コラム(315):災害時、明暗が分かれた自治体トップの対応
相次ぐ台風の襲来は、図らずも自治体トップの心の奥までもさらけ出してしまうという結果をもたらしました。人びとが危急存亡の状態にあるとき、自治体トップの意識が自治体職員の意識に作用して、住民の生存とその後の命運を大きく左右させるという事態が次々と起こっています。
たとえば、千葉県の森田健作知事は大型台風15号の接近で警戒を要したにもかかわらず千葉県庁に出勤していなかったため初期対応を怠り、県職員も危機意識が希薄で被害を拡大させる結果をもたらしました。
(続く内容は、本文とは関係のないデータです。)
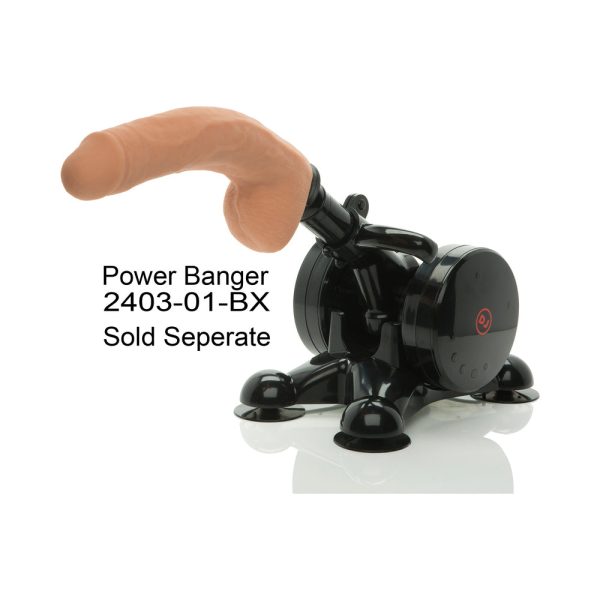John Holmes - UR3 Cock - Image 5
また、台風19号では、断水が生じた神奈川県山北町の要請で出動した自衛隊の給水車に、県が「手続き上」の問題で拒否し、自衛隊は給水せずに撤収せざるをえない事案が発生しました。山北町は怒り心頭でしたが、黒岩祐治知事は「自衛隊が上からの指令ではない形で動いたということ」と述べ、県の対応には落ち度がなかったことを強調しました。神奈川県の職員は知事と同様に、プライドが優先して、住民のことは二の次になっています。
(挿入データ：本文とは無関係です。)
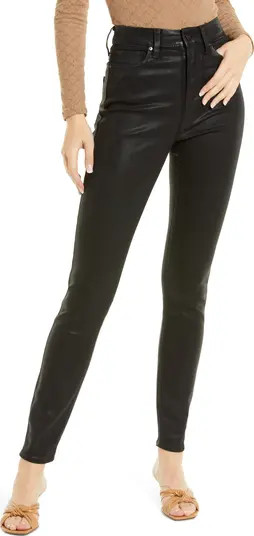 Cheeky Ankle Skinny Jeans | Nordstrom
このような住民に寄り添おうとはしない自治体もある中で、東京都の小池百合子知事は、車道が崩落して孤立していた奥多摩町日原地区に30分歩いて向かいました。知事が「日原地区の皆さんのお元気な姿が確認できてよかった」と述べていましたが、地元住民も大変喜んでいるのが印象的でした。
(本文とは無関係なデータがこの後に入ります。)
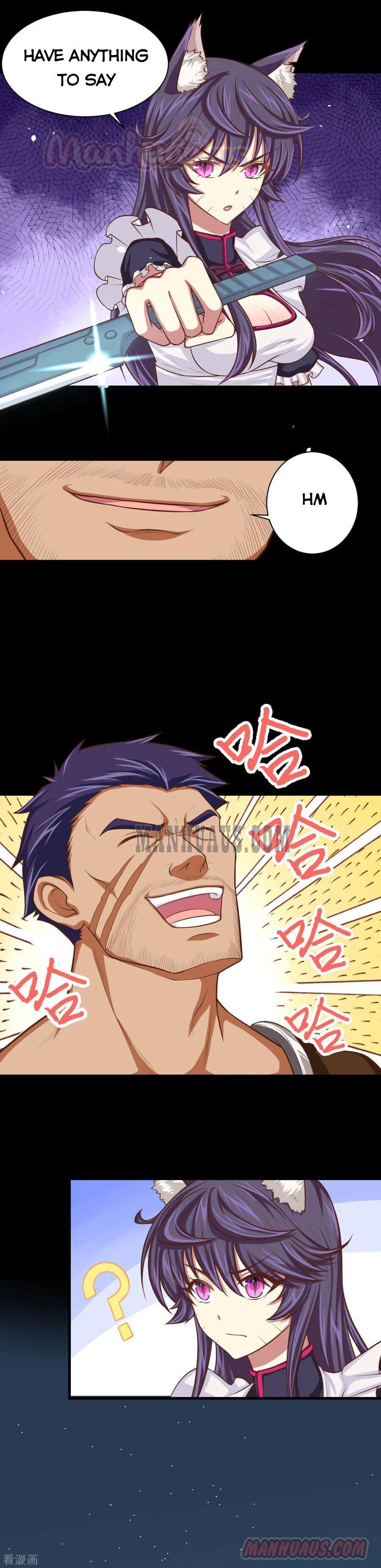 Starting From Today I’ll Work As A City Lord chapter 49 - page 18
この違いは何に起因するものなのか、危機への対応と人間の精神性の相関関係を研究している友人から以下のような分析が寄せられました。
物事を判断する時に、どこの意識を使っている人なのかで決まります。
表面的な知識、情報だけで見ている人。
深い洞察、魂から湧き出る感情に基づいて物事を見ている人。
特に人の生命に関わる問題では後者の絶対的意識が働くわけです。
自己保存や様々な欲を持って生きている人は絶対的意識が働きません。
だから目の前の人を助けることよりも下らない規則を優先するわけです。
特に政治家は規則やルールを超えた深い洞察力や魂レベルの感性が不可欠だと思います。
都民は、山道を歩いてでも助けたいと本気で考えられる人が都知事で幸せだと思います。
なお、意味のない外遊をする政治家が多い中、小池都知事は台風対策に集中するためアメリカでの受賞式を断りました。
小池知事を揶揄する人が多くいますが、こうした潔い決断ができる人が本物の政治家だと思います。